(c): Stephan Röhl
How to prove the scientific quality of Citizen Science data? Findings from the project "Plastic Pirates - Go Europe!”
Date of Publication:

With the Citizen Science approach, extensive data can be collected through the help of many volunteers. Much more than a single research team could ever collect in a foreseeable period of time! This is also the case in the "Plastic Pirates - Go Europe!" project. School classes and youth groups throughout Germany collect data on litter found on and in rivers. The information collected is uploaded to a central database and then analyzed by scientists. However, to ensure that the findings are also recognized within the scientific community, the quality of the data obtained must first be proven. In fact, the correctness and comparability of Citizen Science data are often strongly doubted, since the participants - in our case young people between 10 and 16 years of age - have usually not (yet) received a thorough scientific education.

In the Plastic Pirates project, we have already gained a lot of experience with students collecting scientifically relevant data. Therefore, we know that this can work wonderfully! With our research work, we are committed to developing suitable and practicable procedures to test and prove the quality of the data collected by citizens. To this end, Sinja Dittmann and Tim Kiessling from the Kiel Science Factory (Kieler Forschungswerkstatt) presented the exact procedure in the Plastic Pirates project at the Engaging Citizen Science conference in April 2022 in Aarhus, Denmark.

It is important to formulate concise research questions, provide accompanying educational material, and apply a uniform, standardized sampling procedure that is reduced in complexity, thus minimizing potential errors during sampling. It is also important to incorporate consistent control mechanisms during sampling in the field. In the case of the plastic pirates for example, the counted waste objects are not only recorded in writing, but photos are also taken of the sorted waste findings. In this way, the results can be precisely compared by the scientists later. To finally publish the data after the analysis of the results, it must be made transparent which data sets were excluded from the analysis and why. In summary, the high quality of the citizen science data from the Plastic Pirates project could only be ensured through comprehensive planning before, during, and after data collection.

With the help of the quality assurance strategies described above, the scientists in the Plastic Pirates project have already succeeded in publishing their research findings in high-ranking scientific journals on several occasions (e.g., Environmental Pollution, and Science of the total Environment).

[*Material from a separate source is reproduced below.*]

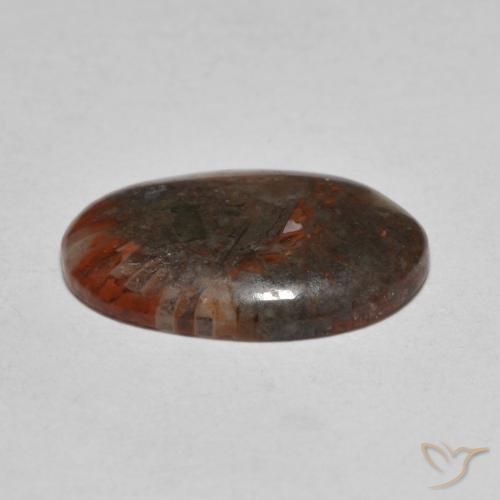 Corail Multicolore naturelle ovale, 3.57 ct, Translucide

The procedure and the decisive factors for acceptance in the scientific community have been described in detail by Sinja Dittmann and colleagues in the conference report (available here). The paper offers good orientation and suggestions for other Citizen Science projects.

During the German EU Presidency in 2020, the campaign was extended to the countries of the Trio Presidency and implemented in the period 2020 to 2021 as a joint action of the Ministries of Education, Science and Research of Germany, Portugal and Slovenia. Since 2022, the expansion of Plastic Pirates has been supported by the EU Commission, so that synchronized sampling can take place in a total of ten European countries in the fall of 2022.